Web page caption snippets
◇ ◇ ◇ ◇

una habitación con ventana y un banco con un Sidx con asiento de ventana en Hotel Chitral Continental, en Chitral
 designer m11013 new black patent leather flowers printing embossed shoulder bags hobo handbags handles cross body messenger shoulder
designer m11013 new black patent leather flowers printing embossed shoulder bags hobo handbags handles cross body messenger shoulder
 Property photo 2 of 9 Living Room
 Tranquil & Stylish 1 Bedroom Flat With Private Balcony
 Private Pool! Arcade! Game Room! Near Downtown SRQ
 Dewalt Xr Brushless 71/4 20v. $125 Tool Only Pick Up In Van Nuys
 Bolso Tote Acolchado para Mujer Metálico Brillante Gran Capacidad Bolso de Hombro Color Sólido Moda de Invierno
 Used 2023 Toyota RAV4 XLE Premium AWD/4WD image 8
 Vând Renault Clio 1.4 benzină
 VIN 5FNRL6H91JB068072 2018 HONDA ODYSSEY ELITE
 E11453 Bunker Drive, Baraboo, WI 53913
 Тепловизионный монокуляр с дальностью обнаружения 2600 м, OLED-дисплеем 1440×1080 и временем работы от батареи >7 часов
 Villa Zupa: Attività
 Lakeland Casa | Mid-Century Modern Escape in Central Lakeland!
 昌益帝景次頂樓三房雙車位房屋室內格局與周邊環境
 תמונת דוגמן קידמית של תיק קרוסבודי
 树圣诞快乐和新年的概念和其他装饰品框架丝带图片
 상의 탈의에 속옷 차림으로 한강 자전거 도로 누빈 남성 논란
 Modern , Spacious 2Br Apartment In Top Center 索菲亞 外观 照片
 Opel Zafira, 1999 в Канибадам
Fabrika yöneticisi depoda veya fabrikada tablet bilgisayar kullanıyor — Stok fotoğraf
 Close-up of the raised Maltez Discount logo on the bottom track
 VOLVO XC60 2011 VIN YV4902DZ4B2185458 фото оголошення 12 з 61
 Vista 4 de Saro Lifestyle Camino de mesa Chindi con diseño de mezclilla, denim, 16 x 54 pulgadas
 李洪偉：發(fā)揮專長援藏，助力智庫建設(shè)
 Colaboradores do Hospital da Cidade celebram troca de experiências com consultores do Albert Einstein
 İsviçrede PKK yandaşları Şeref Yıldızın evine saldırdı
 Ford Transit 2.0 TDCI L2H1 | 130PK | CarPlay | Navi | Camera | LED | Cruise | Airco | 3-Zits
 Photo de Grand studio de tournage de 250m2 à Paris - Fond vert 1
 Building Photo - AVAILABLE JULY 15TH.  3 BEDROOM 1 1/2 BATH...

◇ ◇ ◇ ◇

▸ **Task details**: Starting at the line in the records above that contains "Used 2023 Toyota", output every line up to and including the last one, with nothing added.

▸ **Task solution**:
 Used 2023 Toyota RAV4 XLE Premium AWD/4WD image 8
 Vând Renault Clio 1.4 benzină
 VIN 5FNRL6H91JB068072 2018 HONDA ODYSSEY ELITE
 E11453 Bunker Drive, Baraboo, WI 53913
 Тепловизионный монокуляр с дальностью обнаружения 2600 м, OLED-дисплеем 1440×1080 и временем работы от батареи >7 часов
 Villa Zupa: Attività
 Lakeland Casa | Mid-Century Modern Escape in Central Lakeland!
 昌益帝景次頂樓三房雙車位房屋室內格局與周邊環境
 תמונת דוגמן קידמית של תיק קרוסבודי
 树圣诞快乐和新年的概念和其他装饰品框架丝带图片
 상의 탈의에 속옷 차림으로 한강 자전거 도로 누빈 남성 논란
 Modern , Spacious 2Br Apartment In Top Center 索菲亞 外观 照片
 Opel Zafira, 1999 в Канибадам
Fabrika yöneticisi depoda veya fabrikada tablet bilgisayar kullanıyor — Stok fotoğraf
 Close-up of the raised Maltez Discount logo on the bottom track
 VOLVO XC60 2011 VIN YV4902DZ4B2185458 фото оголошення 12 з 61
 Vista 4 de Saro Lifestyle Camino de mesa Chindi con diseño de mezclilla, denim, 16 x 54 pulgadas
 李洪偉：發(fā)揮專長援藏，助力智庫建設(shè)
 Colaboradores do Hospital da Cidade celebram troca de experiências com consultores do Albert Einstein
 İsviçrede PKK yandaşları Şeref Yıldızın evine saldırdı
 Ford Transit 2.0 TDCI L2H1 | 130PK | CarPlay | Navi | Camera | LED | Cruise | Airco | 3-Zits
 Photo de Grand studio de tournage de 250m2 à Paris - Fond vert 1
 Building Photo - AVAILABLE JULY 15TH.  3 BEDROOM 1 1/2 BATH...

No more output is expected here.